Twilio now lets developers send and receive faxes

No, this is not an April Fools’ joke: Cloud communications platform Twilio today announced the launch of its “programmable fax” service.

While Twilio’s general focus has been on reinventing the phone company (with a focus on developers), fax is a decidedly old-school technology. But it’s an old technology that is still an important tool for many businesses and government offices. “Our mission is to fuel the future of communications,” Twilio VP of product Patrick Malatack told me. “Even though fax is not a futuristic technology, it’s something we’ve been asked about by our users.”

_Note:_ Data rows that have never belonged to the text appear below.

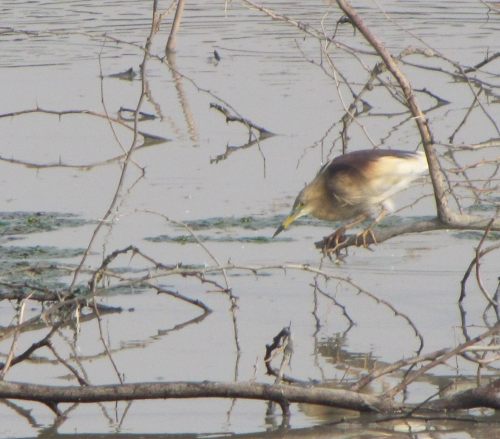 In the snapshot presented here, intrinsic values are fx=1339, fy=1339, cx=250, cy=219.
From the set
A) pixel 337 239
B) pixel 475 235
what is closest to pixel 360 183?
pixel 337 239

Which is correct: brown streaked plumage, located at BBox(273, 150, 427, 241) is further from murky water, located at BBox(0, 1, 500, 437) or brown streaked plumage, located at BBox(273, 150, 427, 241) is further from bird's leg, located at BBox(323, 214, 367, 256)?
murky water, located at BBox(0, 1, 500, 437)

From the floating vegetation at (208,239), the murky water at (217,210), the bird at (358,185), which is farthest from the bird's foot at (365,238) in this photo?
the floating vegetation at (208,239)

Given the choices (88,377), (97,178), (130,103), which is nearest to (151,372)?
(88,377)

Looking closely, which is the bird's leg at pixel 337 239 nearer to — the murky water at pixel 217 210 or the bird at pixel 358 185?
the bird at pixel 358 185

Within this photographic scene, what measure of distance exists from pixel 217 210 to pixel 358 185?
2743 mm

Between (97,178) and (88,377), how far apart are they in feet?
13.9

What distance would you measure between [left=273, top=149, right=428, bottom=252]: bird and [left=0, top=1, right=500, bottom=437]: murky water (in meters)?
0.51

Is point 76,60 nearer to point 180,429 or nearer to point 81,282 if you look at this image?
point 81,282

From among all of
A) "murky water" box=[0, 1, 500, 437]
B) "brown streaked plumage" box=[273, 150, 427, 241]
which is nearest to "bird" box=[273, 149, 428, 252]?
"brown streaked plumage" box=[273, 150, 427, 241]

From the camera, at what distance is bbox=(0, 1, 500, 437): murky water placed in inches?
231

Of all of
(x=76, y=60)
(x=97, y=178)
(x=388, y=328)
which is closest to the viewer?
(x=388, y=328)

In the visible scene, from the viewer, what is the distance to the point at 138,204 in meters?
9.07

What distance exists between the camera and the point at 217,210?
890 cm

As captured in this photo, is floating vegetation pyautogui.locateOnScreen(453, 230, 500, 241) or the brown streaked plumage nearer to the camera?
the brown streaked plumage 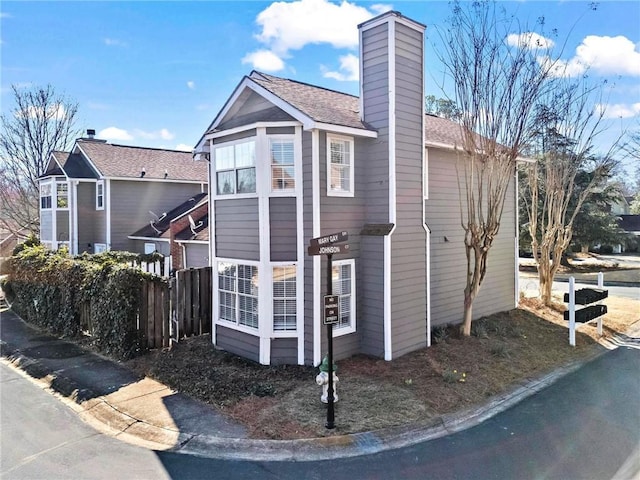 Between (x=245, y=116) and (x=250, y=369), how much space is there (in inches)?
245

Twilio trialed the fax product with a number of companies, including the NY-based pizza delivery service Slice. Local pizza shops tend to have their own culture, and often that doesn’t involve having a lot of computer equipment to take orders — but they probably still have a fax machine. Slice can now send orders for its drivers to those shops using Twilio’s fax service.

Faxes are also still quite popular in the healthcare and real estate worlds, for example, and the company hopes that its new service will allow some companies to at least automate part of their workflow thanks to this new service.

As Malatack noted, the developer experience for sending faxes isn’t all that different from Twilio’s MMS picture messaging API, for example. While that API takes JPG files as its input, the fax API uses PDF files.

Twilio will charge developers $0.01 per faxed page, plus the company’s usual telco cost for completing the calls.